Two things in life are guaranteed; death and taxes. This is generally accepted by the world, but perhaps the sticky fingers of the government are asking a bit too much.
Day two at AfricaCom brought a couple of sessions with a bit of a bite. Usually your correspondent finds cringe-worthy moments too much to handle, most episodes of The Office are watched from behind a cushion, but watching three senior telecoms figure do quite a bit of government bashing while South Africa’s Deputy Minister for Telecommunications sat in the front row was quite entertaining.
“We need a new wave of investment in Africa,” said Liquid Telecom CEO, Nick Rudnick. “For this to happen, there needs to be government encouragement. In many cases, this means government should stay out of the way.”
It was quite a spicy start to the panel, catching a few by surprise and set the tone for the rest of the session. In short, governments are screwing up the telco landscape across the African continent.
Whether it is taxes on equipment or devices, attempting to build nationalised networks to create a broadband monopoly or irrelevant regulation and legislation, government intervention has been highly frowned upon.
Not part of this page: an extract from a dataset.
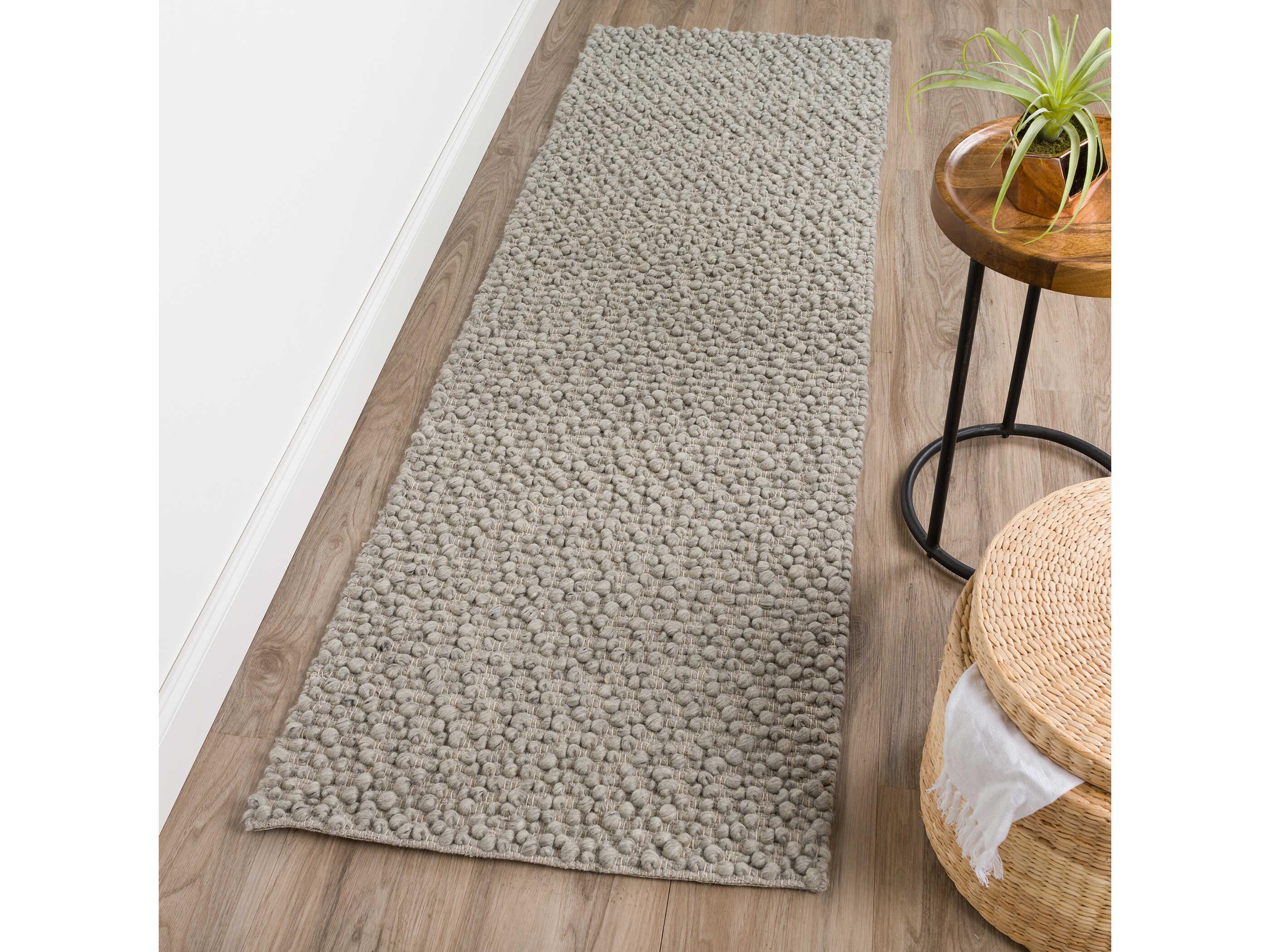 Dalyn Gorbea Runner Area Rug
And apparently it isn’t simply well-meaning incompetence, the public sector has been accused of being too greedy.
“Some companies in the telco space are being viewed as cash cows, and governments are trying to extract as much value from them as possible,” said Aniko Szigetvari of International Finance Corporation.
It was politely worded, but essentially there is an accusation of overtaxing a successful segment, with figures quoted at 40-50% on the panel. There were a few fingers being pointed, one of which was towards tax regulatory reform, but it was all pleasantly said, with smiles hiding what we can only guess is quite deep seeded resentment.
The feeling in the room was one of frustration. Overtaxing on equipment necessary to build infrastructure has not only crippled operator ambitions to improve connectivity, but overtaxing devices has impacted the availability and accessibility of data for the consumer. 75% of the continent still use feature phones, which would be considered an impairment for the connected economy.
Another source of frustration is government involvement in funding and building networks. A trend which has been noted is the tendency for governments to try and create a government-owned monopoly business. It’s a worrying observation, contradicting successful examples of the digital economy elsewhere in the world.
“My view is that government should be building hospitals, not telecommunications networks,” said Rudnick.
“I’m not too sure I am on the side of the government,” said SafariCom Chief Innovation Officer Kamal Bhattacharya.
And we do have some sympathy with Rudnick and Bhattacharya on this point. Networks are expensive to build and expensive to maintain. In all honesty, private organizations will probably just be better than the government. And not forgetting, monopolies are very bad in every sense of the word.
Just to be clear, this is not every government in Africa, and no specific nations were highlighted, though the feeling of the room was very clear; governments are one of the biggest barriers to connectivity in Africa.
Unfortunately, this doesn’t look like it is going to change in the near future. In the very next presentation, South African Deputy Minister for Telecommunications Stella Tembisa Ndabeni-Abrahams outlined her plan to improve connectivity across the country, while also promising greater government intervention in the telco space. Perfect timing.